### What you need to do
Where the entries below show "The image presents", begin there and print that line and all following lines exactly, through the last, omitting pictures.

### Supplied records
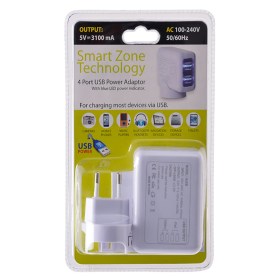 Plug Adaptor - 4 Port - LED Power Indicator - 50/60Hz - White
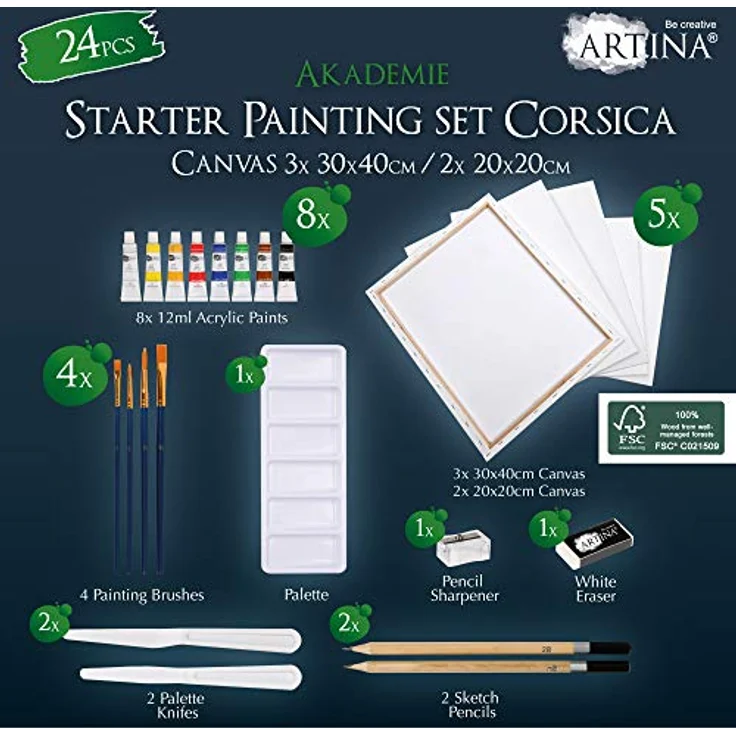 Artina Kreativset Corsica, 24tlg Zeichen- & Acrylmalset mit 5 Leinwänden, 8 Acrylfarben und Pinselzubehör – Bild 2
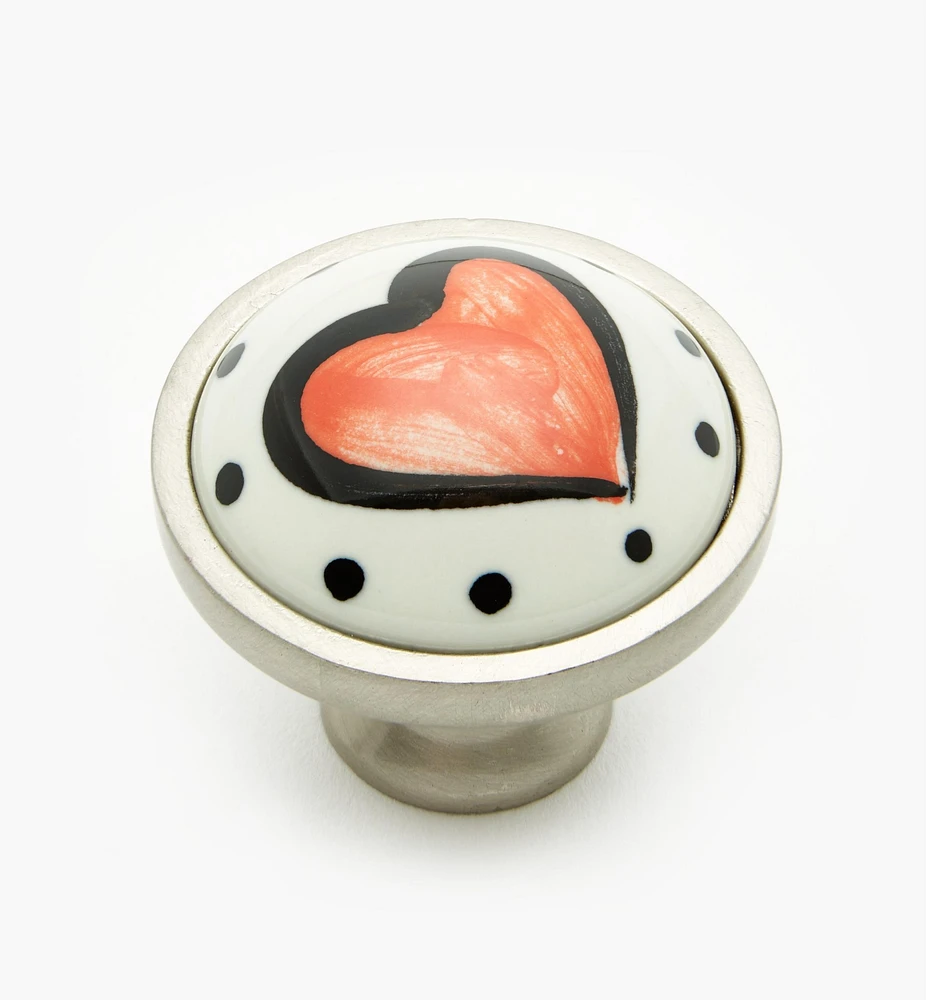 Liberty Ceramic Heart Knobs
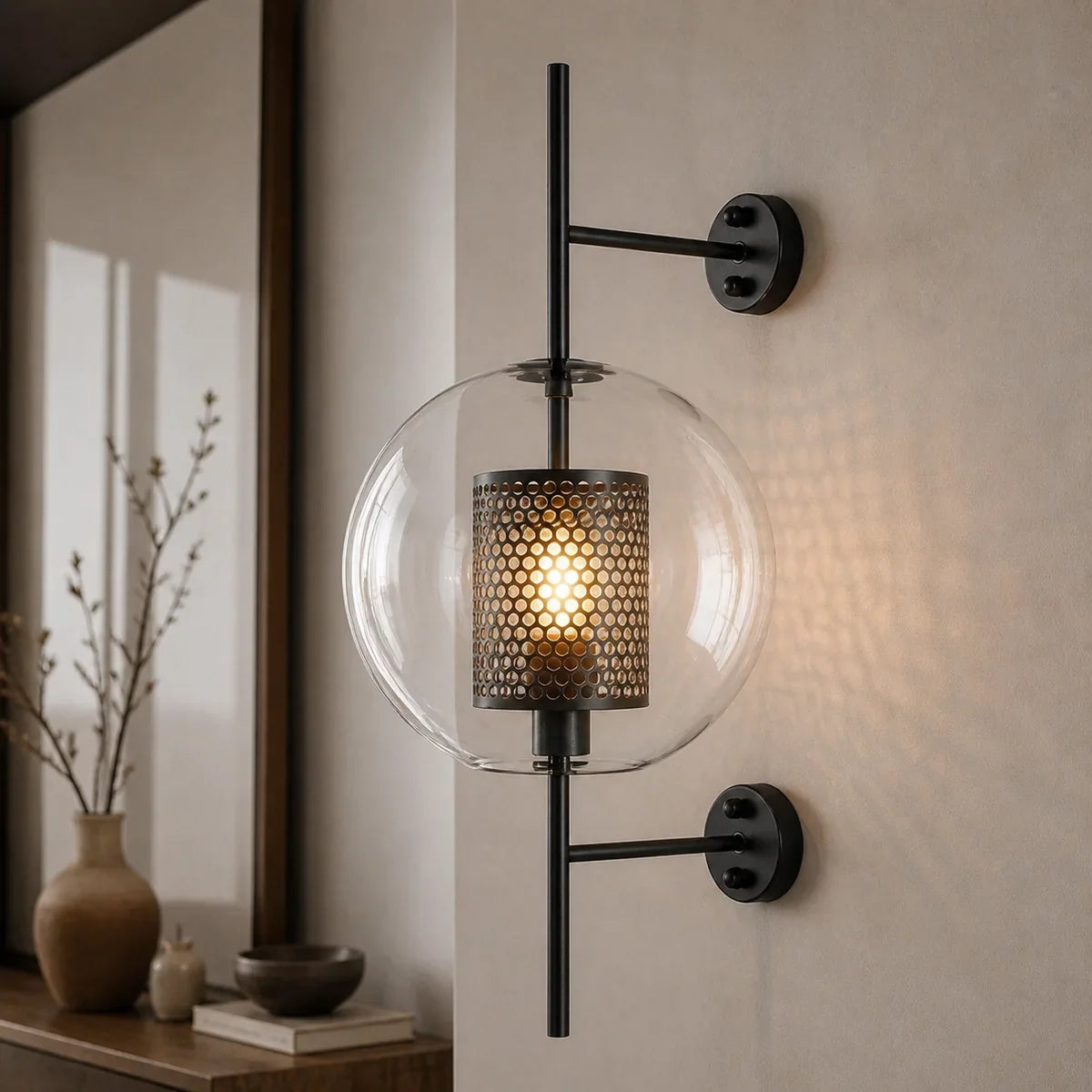 LuminaSphere | Stylish Industrial Wall Light with Clear Glass Shade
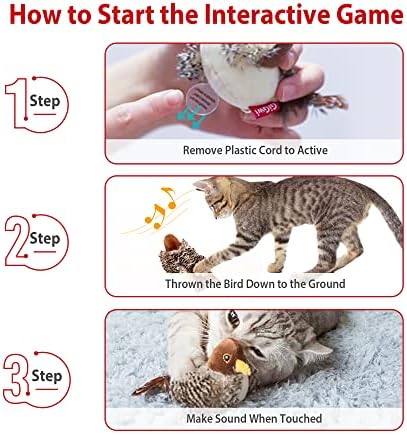 Gigwi Interactive Toy Set for Indoor Cats - 3PCS Plush Pack Including Squeaky Feather, Mouse Hunt, Chase Bird, and Chirping Cricket Toys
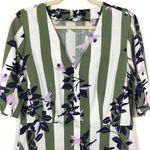 VERO MODA New Floral Stripe Button Up Vilja Dress Short Sleeve Mini Green Navy Photo 8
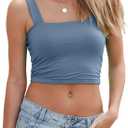 Abardsion Women's Sexy Sleeveless Skinny Basic Strappy Crop Tank Tops (Blue, XL)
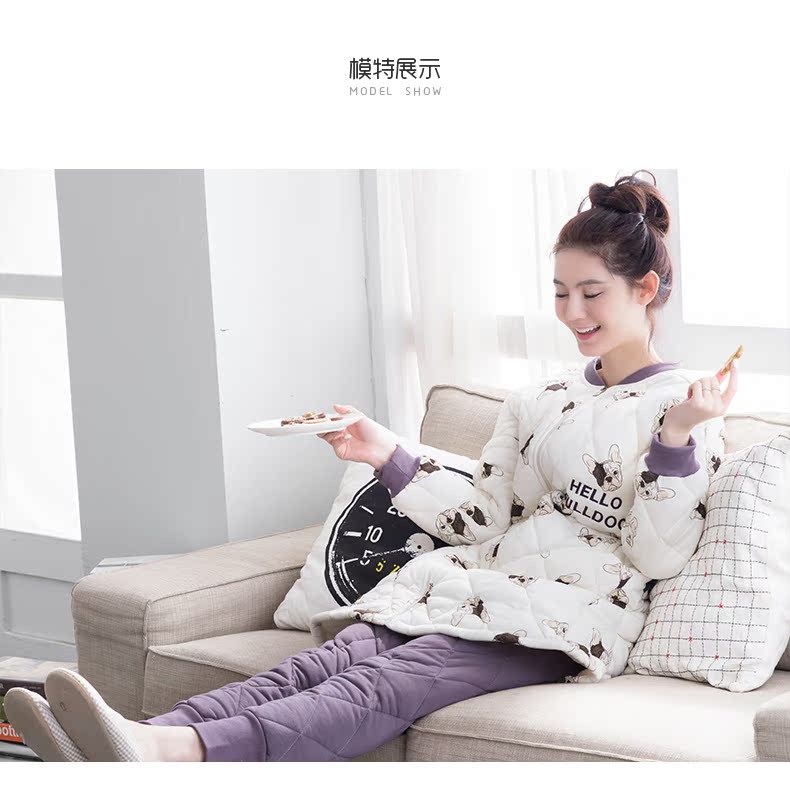 Jing Yun mùa đông đồ ngủ phụ nữ dày ba lớp bông và bông phụ nữ dài tay dễ thương dễ thương phù hợp với dịch vụ nhà thời trang nữ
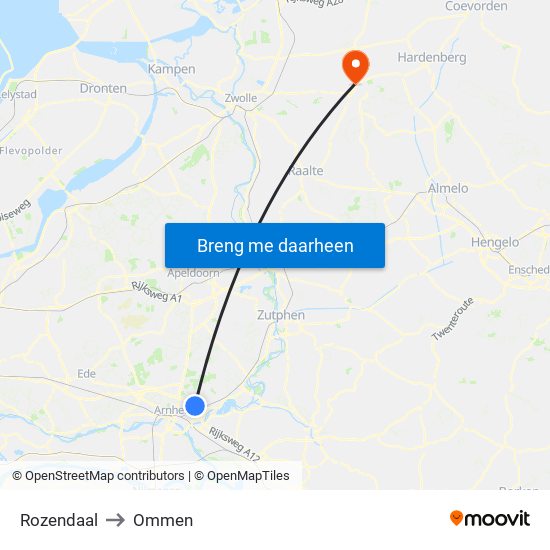 Rozendaal to Ommen map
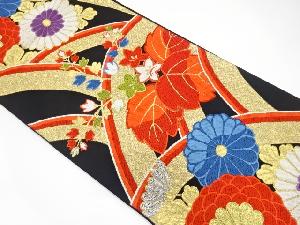 アンティーク　波に桐・菊模様織り出し袋帯（着用可）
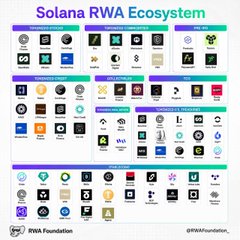 The image presents a poster featuring various symbols representing different cryptocurrencies from an ecosystem. The top part of the poster displays seven icons, including "solana rwa ecosystem" at the center, surrounded by other symbols. There are also icons that represent other crypto exchanges such as "tokens & mining", "stellarorg", and "avax". The bottom section of the poster further expands on this theme with additional icons for different types of currencies or assets within the ecosystem.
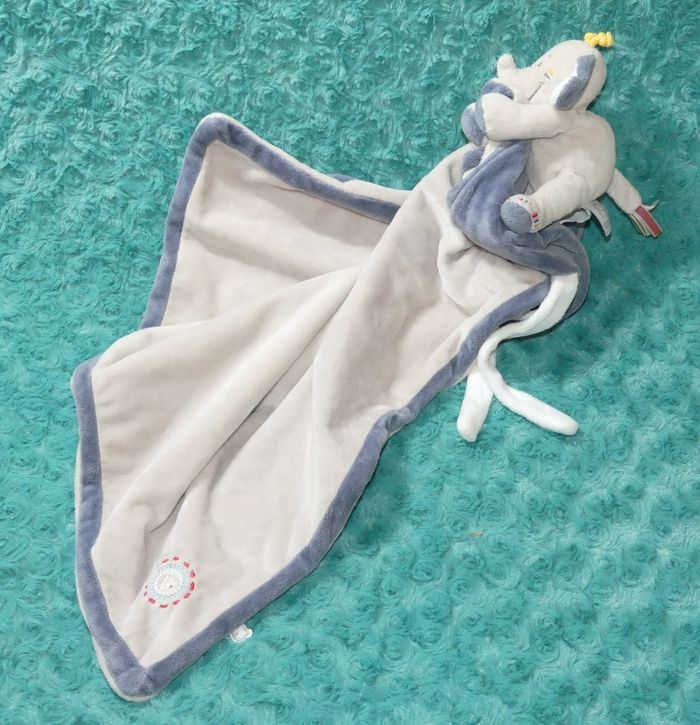 Doudou couverture éléphant Bao bleu beige Noukie's 🐘tbe - photo numéro 6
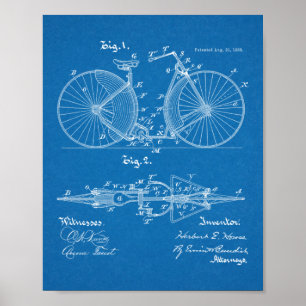 1888ヴィンテージ自転車デザイン特許プリント ポスター
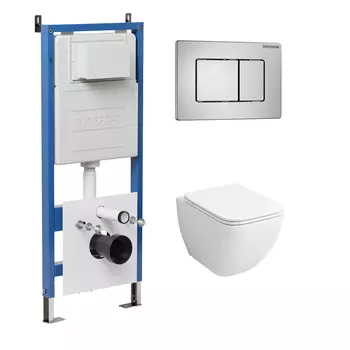 Комплект Унитаз подвесной с инсталляцией Grossman Classic 97.4447S.04.12M безободковый, белый+ Кнопка смыва хром сатиновый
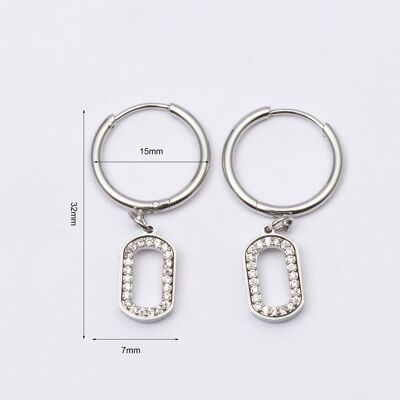 Earrings stainless steel SILVER - E60323190699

### Result of the exercise
 The image presents a poster featuring various symbols representing different cryptocurrencies from an ecosystem. The top part of the poster displays seven icons, including "solana rwa ecosystem" at the center, surrounded by other symbols. There are also icons that represent other crypto exchanges such as "tokens & mining", "stellarorg", and "avax". The bottom section of the poster further expands on this theme with additional icons for different types of currencies or assets within the ecosystem.
 Doudou couverture éléphant Bao bleu beige Noukie's 🐘tbe - photo numéro 6
 1888ヴィンテージ自転車デザイン特許プリント ポスター
 Комплект Унитаз подвесной с инсталляцией Grossman Classic 97.4447S.04.12M безободковый, белый+ Кнопка смыва хром сатиновый
 Earrings stainless steel SILVER - E60323190699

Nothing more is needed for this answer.